EXERCISE MATERIALS -
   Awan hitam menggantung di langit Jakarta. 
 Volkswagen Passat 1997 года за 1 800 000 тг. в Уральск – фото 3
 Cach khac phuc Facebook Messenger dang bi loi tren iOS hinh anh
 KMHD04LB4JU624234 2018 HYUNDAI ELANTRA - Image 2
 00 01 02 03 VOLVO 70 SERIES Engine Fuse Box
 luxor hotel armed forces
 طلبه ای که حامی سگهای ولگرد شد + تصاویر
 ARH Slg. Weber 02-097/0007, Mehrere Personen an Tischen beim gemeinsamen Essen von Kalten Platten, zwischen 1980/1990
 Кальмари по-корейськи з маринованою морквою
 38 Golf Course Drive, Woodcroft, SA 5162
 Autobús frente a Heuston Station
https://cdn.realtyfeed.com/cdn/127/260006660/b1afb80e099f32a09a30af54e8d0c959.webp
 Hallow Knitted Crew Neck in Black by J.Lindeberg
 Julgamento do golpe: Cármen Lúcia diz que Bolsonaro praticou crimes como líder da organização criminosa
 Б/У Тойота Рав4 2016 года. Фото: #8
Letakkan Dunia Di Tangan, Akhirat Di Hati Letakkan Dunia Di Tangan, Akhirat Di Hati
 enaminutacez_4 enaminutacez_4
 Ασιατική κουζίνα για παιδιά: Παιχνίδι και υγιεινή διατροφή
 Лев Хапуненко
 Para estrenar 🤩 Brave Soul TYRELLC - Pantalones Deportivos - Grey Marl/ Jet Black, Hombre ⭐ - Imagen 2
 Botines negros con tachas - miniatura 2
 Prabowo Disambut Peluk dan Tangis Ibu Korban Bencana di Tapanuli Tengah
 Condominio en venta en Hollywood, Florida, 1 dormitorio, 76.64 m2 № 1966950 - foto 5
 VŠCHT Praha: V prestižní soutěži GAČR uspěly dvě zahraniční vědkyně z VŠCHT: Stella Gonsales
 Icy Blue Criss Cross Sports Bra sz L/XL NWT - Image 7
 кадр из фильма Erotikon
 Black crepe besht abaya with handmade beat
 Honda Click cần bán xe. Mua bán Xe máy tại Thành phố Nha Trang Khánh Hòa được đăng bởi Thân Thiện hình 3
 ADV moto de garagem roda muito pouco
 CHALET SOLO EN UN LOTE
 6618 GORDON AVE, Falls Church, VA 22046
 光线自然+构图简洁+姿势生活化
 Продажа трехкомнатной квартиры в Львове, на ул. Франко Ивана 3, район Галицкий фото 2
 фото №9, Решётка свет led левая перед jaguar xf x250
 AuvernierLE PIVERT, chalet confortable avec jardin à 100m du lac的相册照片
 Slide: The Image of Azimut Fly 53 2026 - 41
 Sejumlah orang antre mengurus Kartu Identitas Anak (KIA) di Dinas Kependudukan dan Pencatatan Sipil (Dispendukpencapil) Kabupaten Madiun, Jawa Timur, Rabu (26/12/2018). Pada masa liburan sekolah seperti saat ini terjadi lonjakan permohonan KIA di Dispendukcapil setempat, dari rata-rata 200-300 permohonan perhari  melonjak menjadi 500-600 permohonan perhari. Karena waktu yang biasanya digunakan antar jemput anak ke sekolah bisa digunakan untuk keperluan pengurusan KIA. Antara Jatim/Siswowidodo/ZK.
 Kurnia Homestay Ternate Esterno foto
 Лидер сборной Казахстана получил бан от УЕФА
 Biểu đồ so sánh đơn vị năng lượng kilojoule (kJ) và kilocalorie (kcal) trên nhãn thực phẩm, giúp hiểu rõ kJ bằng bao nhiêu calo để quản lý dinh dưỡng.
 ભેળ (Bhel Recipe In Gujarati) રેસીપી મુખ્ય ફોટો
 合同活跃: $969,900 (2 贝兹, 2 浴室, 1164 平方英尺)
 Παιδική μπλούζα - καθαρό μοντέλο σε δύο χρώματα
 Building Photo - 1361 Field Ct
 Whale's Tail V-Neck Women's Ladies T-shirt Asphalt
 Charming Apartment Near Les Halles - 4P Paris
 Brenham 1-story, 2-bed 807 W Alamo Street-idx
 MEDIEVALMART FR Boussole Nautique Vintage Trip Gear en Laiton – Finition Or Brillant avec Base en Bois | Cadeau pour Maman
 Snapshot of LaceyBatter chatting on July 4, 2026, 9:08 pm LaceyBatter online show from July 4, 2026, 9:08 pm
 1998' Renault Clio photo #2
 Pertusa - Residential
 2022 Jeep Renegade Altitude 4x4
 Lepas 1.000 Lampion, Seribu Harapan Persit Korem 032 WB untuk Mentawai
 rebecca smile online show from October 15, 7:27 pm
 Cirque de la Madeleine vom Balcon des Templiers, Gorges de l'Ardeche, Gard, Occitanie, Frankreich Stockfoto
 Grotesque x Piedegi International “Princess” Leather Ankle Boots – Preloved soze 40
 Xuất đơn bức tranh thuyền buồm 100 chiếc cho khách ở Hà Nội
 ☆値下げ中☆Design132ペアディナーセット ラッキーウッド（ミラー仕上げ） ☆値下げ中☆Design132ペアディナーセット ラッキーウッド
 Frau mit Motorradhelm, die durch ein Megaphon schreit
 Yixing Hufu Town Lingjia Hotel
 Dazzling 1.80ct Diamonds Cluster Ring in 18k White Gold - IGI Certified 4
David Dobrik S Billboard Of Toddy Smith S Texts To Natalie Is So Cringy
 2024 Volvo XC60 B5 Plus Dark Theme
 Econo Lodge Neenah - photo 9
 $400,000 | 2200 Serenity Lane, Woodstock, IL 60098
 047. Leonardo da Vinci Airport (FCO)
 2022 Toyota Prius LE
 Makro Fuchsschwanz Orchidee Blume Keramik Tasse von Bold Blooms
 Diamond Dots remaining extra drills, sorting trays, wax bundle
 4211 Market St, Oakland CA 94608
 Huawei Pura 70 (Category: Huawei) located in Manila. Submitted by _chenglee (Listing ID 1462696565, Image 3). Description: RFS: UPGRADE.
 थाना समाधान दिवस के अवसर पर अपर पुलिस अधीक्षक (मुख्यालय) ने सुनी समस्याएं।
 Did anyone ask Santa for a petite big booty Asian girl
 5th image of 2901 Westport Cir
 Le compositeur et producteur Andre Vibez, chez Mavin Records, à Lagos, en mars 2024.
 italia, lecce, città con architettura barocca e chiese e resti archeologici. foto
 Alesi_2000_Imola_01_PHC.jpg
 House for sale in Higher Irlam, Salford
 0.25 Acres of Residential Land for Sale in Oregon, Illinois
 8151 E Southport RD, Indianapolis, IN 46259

DIRECTIONS FOR THIS TASK - Lines from the one with "Did anyone ask" through the last line above must be printed exactly; no other line is to appear.

EXERCISE RESPONSE -
 Did anyone ask Santa for a petite big booty Asian girl
 5th image of 2901 Westport Cir
 Le compositeur et producteur Andre Vibez, chez Mavin Records, à Lagos, en mars 2024.
 italia, lecce, città con architettura barocca e chiese e resti archeologici. foto
 Alesi_2000_Imola_01_PHC.jpg
 House for sale in Higher Irlam, Salford
 0.25 Acres of Residential Land for Sale in Oregon, Illinois
 8151 E Southport RD, Indianapolis, IN 46259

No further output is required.